Doing a little dance after having sex because your so proud you're a FATHER!!! - Uncle Jerrett

Click my teeth from side to side at the beat of songs

I chew around the center of carrots.

I have the background on my computer a picture of some cartoon characters,and when I'm alone I talk to the screen like those characters are actually in the room. -Briarwoodninja

While listening to music, I take my headphones off to make sure nobody else can hear it.

Always run up the stairs as if someone was chasing you.

Look at the toilet paper after i wipe my ass just to make sure i didn't leave anything behind..

Start thinking about my blinking and feel that I am blinking weird

When you are speaking to someone with a distinct accent and suddenly take on the accent as your own when responding. - Missy Chemick

when in the car with just one parent i get very cautious about what im thinking cuz i feel like they r reading my mind

Vote up your own websites posts, to make them look more popular!

I don't like to answer the phone because it is never for me.
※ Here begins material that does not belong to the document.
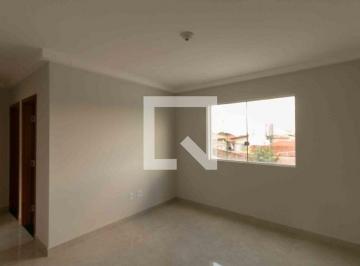 Apartamento · 65m² · 3 Quartos · 2 Vagas · Apartamento à Venda - Santa Mônica, 3 Quartos,  65 m² - Belo Horizonte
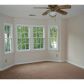 5709 Brynwood Circle Nw, Acworth, GA 30101 ID:3014366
Always check the other side of the shower curtain when showering out of fear that someone is on the other side

thinking about how you will never understand who in the world thought it was a good idea to spell "Wednesday" like that

When home alone, I put cans in front of the door so if someone breaks in, I wake up.

I sometimes start moving my hands around "making them fight" pretending they are tiny fighters.

Tally mark everytime I take a shit.

Sometimes I won't do something just to see how long it takes before someone else does it (dishes, throw something away, fill the ice cube tray, etc.).

Discovering your friend is a total retard (Charlie) Discovering your friend is a total retard (Charlie) Discovering your friend is a total retard (Charlie) Discovering your friend is a total retard (Charlie) Discovering your friend is a total retard (Charlie) Discovering your friend is a total retard (Charlie) Discovering your friend is a total retard (Charlie) Discovering your friend is a total retard (Charlie) Discovering your friend is a total retard (Charlie) Discovering your friend is a total retard (Charlie)

My butthole itches, so I fart to scratch it.

I choose not to post a comment on some subjects because I know there will be a hundred others that will be the same.

When i close the refrigiator door, i re-open it and give it a good shove to make sure it tight.

Find that the kettle has recently been used and still contains hot water so decide to have a cup of tea just so that boiling that water wasn't a waste. Think that it might have cooled down by now. Reboil the water.

When im standing at a urinal and another guy was there before me and i still finish first i pretend like im still peeing so he wont think i have a bladder problem.

Things You Think Only You Do

A collection of things you think only you do. Go ahead and confess. You probably aren't the only one.